Neom is a 10,000-square-mile strip of land along the Red Sea coast which has been levelled to create a vast megacity as part of a project launched by the Kingdom’s Crown Prince Mohammed bin Salman in 2017.
The flagship development well be The Line, a linear smart city 105 miles long with no cars or streets and capacity to house 9 million people.
The project is expected to be completed in 2045, though a 5km central area is projected to be up and running at the end of the decade, according to reports.
It’s part of the Saudi Vision 2030 project announced in 2016, covering an area twice the size of Lebanon, and will also include a dozen luxury resorts, a winter resort, an industrial city called Oxagon and Sindalah, a resort island.
Speaking at the Global Logistics Forum in Riyadh on the weekend of October 13, Neom’s chief investment officer, Manar Al Moneef, said: “Neom is going to be the largest customer [in logistics] over the next decade.
“If you look at our demand in logistics it’s 5 percent of the global logistics market,” she added, in comments quoted by business news outlet Arabian Gulf Business Insight.
“We are 20 percent of the global steel market.
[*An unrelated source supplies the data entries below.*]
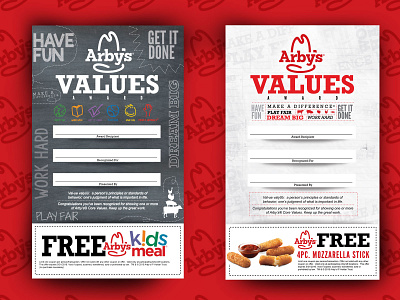 Arby's School School Certificate branding design typography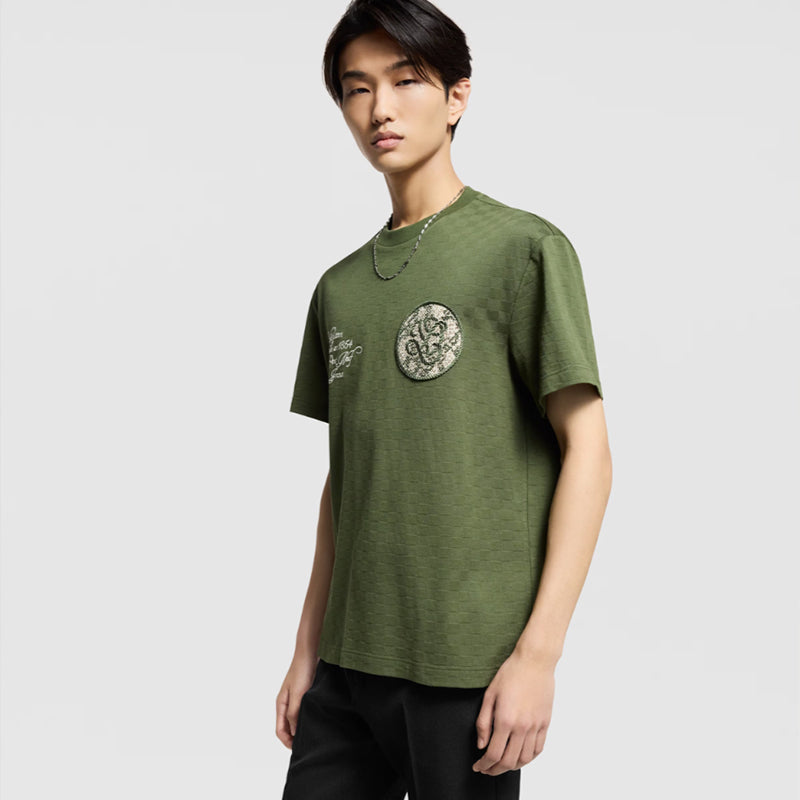 LV ダミエピケTシャツ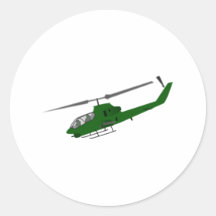 Hélicoptère militaire autocollants ronds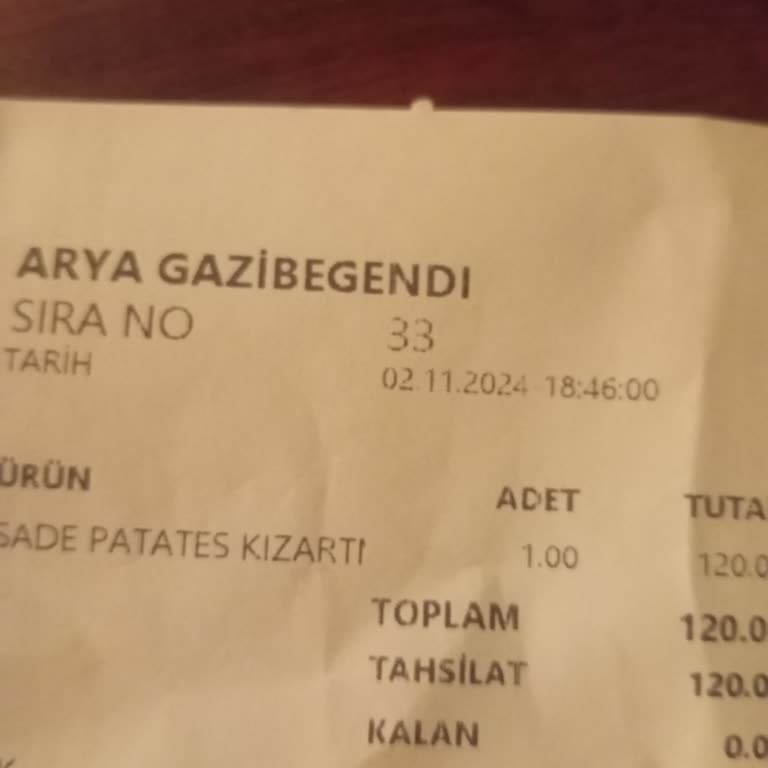 Arya Turistik Tesisleri Şikayeti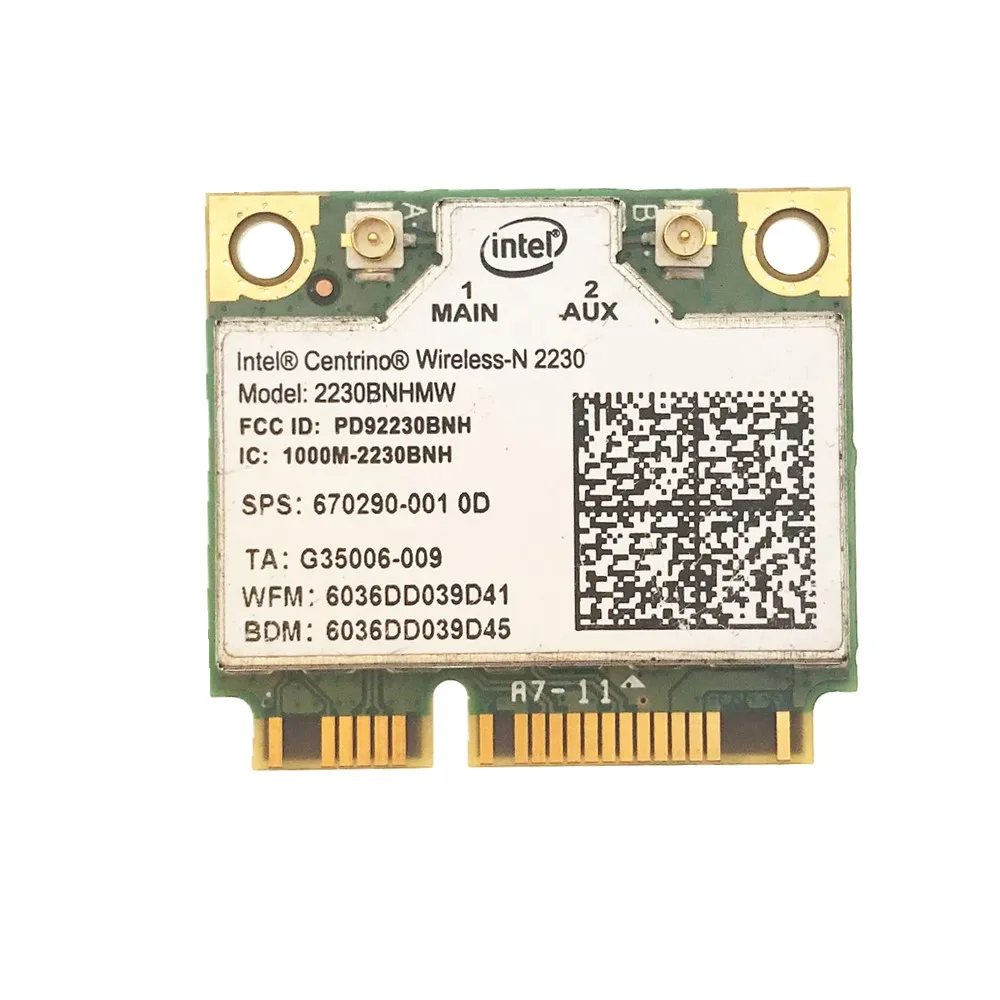 For HP Intel 2230 DM4 DV4 DV6 DV7 G4 G6 G7 Intel Wireless-N 2230 2230BNHMW Half MINI PCI-E Wifi Fit For Bluetooth 4.0 Card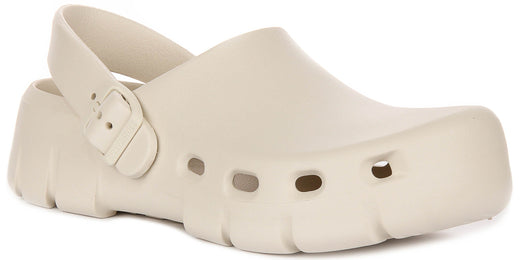 Birkenstock Birki Flow-klompen | Stone EVA voor heren en dames - normale pasvorm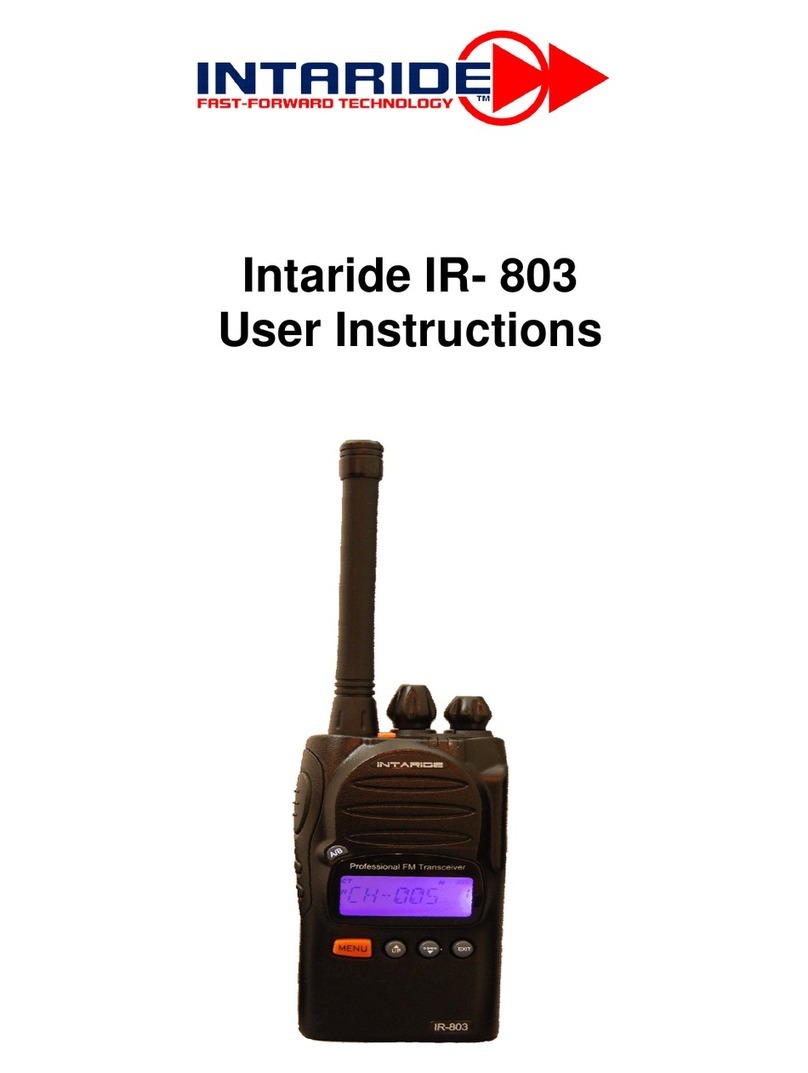 Intaride IR- 803 User instructions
If you look at our demand for elevators, cement and so on … Put simply, Neom is going to be the largest customer over the next few decades.”
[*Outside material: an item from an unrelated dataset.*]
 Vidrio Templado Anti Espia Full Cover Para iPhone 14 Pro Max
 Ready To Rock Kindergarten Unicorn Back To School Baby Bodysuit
Though the Kingdom of Saudi Arabia boasts vast oil wealth—estimated to account for around 40 percent of the country’s GDP—it is not a major steel producer.
This means that the metals are likely being sourced in large part from abroad.
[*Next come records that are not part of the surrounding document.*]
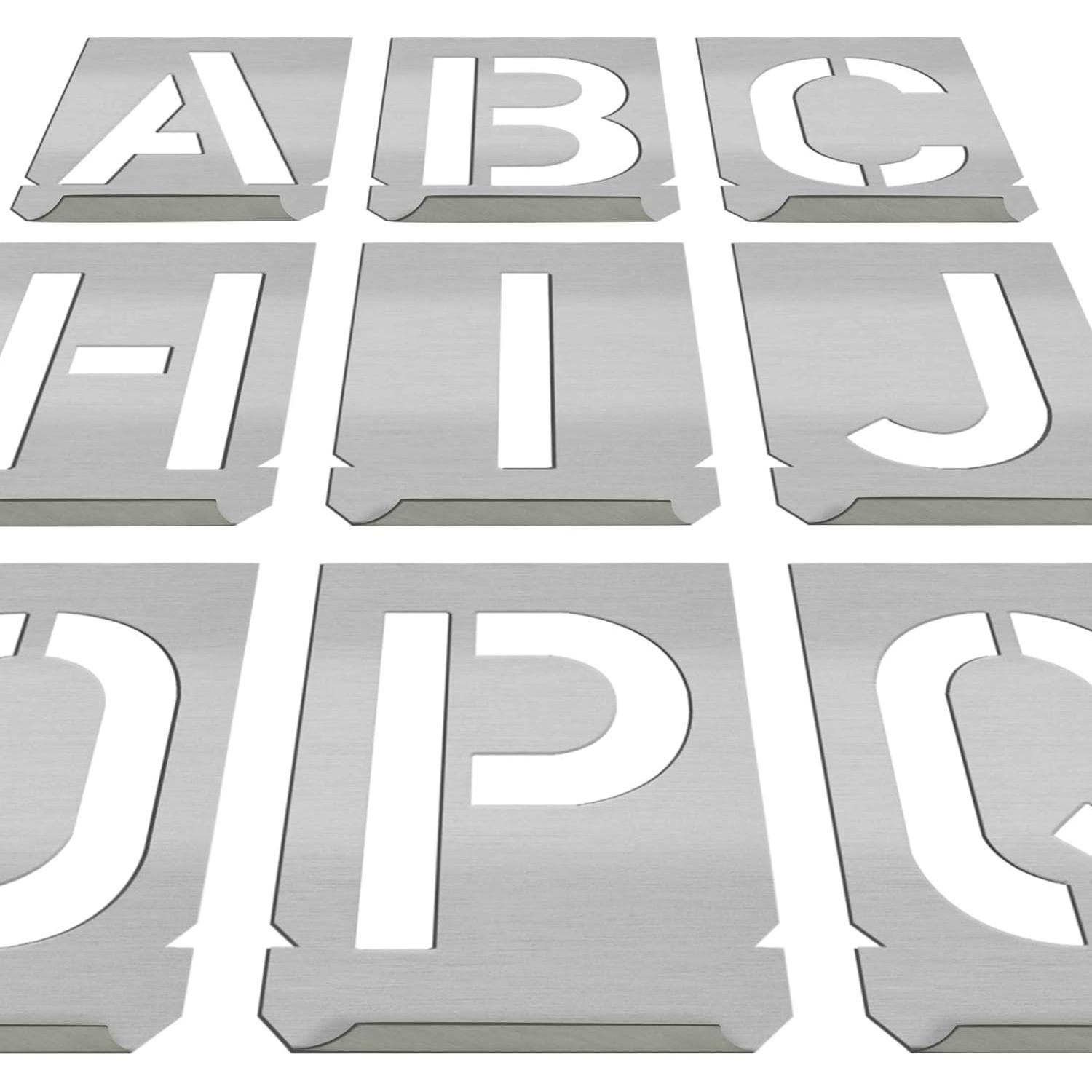 Plantillas de Letras de Acero Inoxidable HAUTMEC A-Z 40mm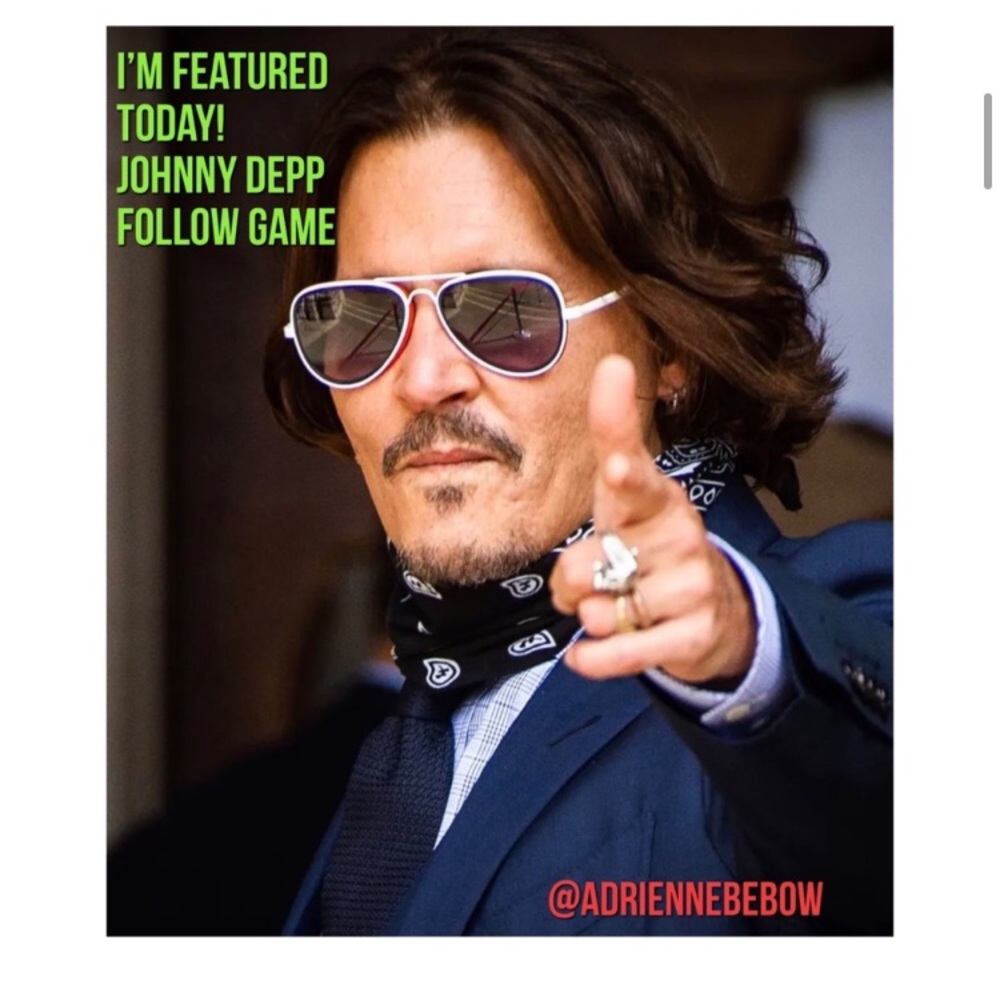 Johnny Depp Follow Game Feature🖤🌹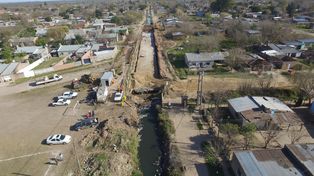 Avanza la obra del desagüe Gorriti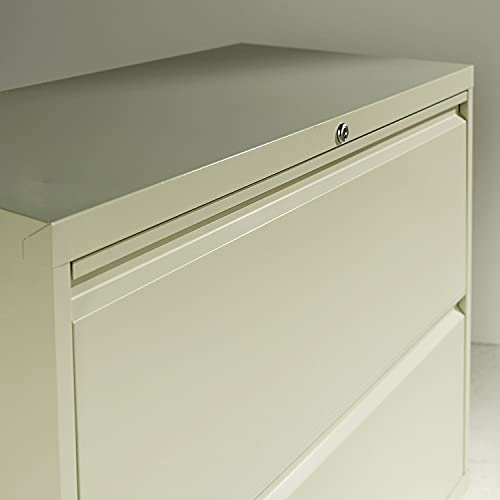 Alera Two-Drawer Lateral File Cabinet, Light Gray - 36w X 19-1/4d X 28-3/8h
In 2022, the top iron & steel exporting nations were China ($69.8B), Germany ($36.9B), Japan ($35.7B), South Korea ($29B), and Indonesia ($28.8B), according to the Observatory of Economic Complexities.
Meanwhile, the top importers were the US ($43.2b), China ($41.4b), Germany ($36b), Italy ($30.2b), and Turkey ($25.6b), according to the
Saudi Arabia imported only 0.98 percent of the global total iron and steel from overseas or $5.53bn worth.
The official cost of building Neom was anticipated to be $500 billion (£385.4bn), though independent analysts estimate the true cost of the project is closer to $1.5 trillion (£1.15 trillion).